This dataset is modified from the main IntoValue dataset, and includes updated registry data from ClinicalTrials.gov and DRKS. It also includes additional data on associated results publications, including links in the registries and trial registration number reporting in the publications.
Detailed documentation for the parent IntoValue dataset is provided in a data dictionary and readme alongside the dataset in Zenodo. This readme serves to highlight/document changes.
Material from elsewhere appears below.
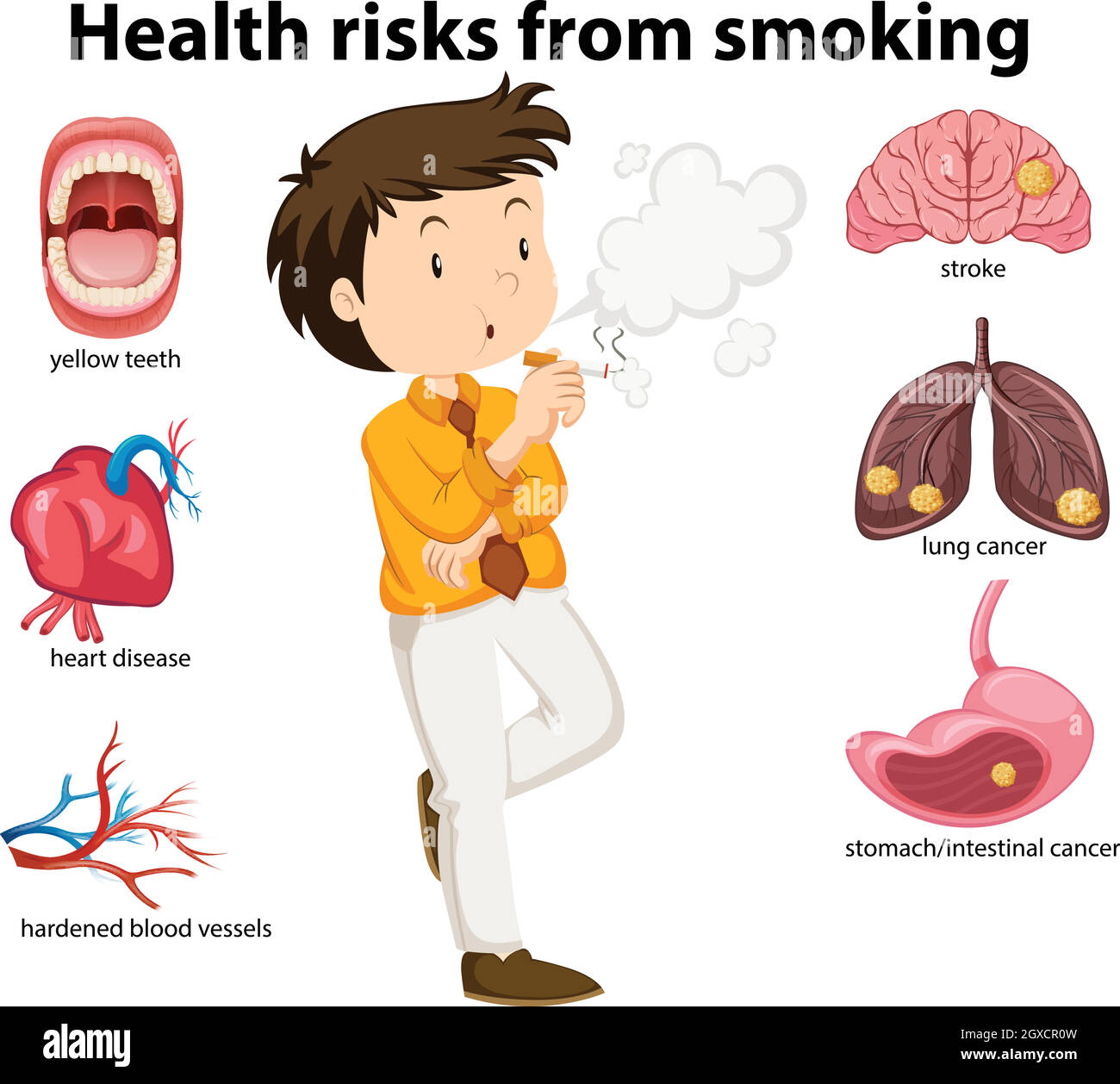 Une affiche d'éducation sur le tabagisme et la santé Illustration de Vecteur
Note that summary_results_date
for DRKS summary results was changed
from the parent IntoValue dataset. The parent dataset included only a
subset of summary results manually found during searches, whereas this
dataset includes additional summary results found via automated
search. The parent dataset used the summary_results_date
manually
extracted from PDFs, whereas this dataset uses the
summary_results_date
manually extracted from DRKS’ change history
and reflects the date the results were uploaded and made publicly
available.
This dataset builds on several sources, detailed below. The latest query date is provided when applicable. Raw data, when permissible (i.e., not for full-text), is shared in either this repository or in Zenodo, depending on its size.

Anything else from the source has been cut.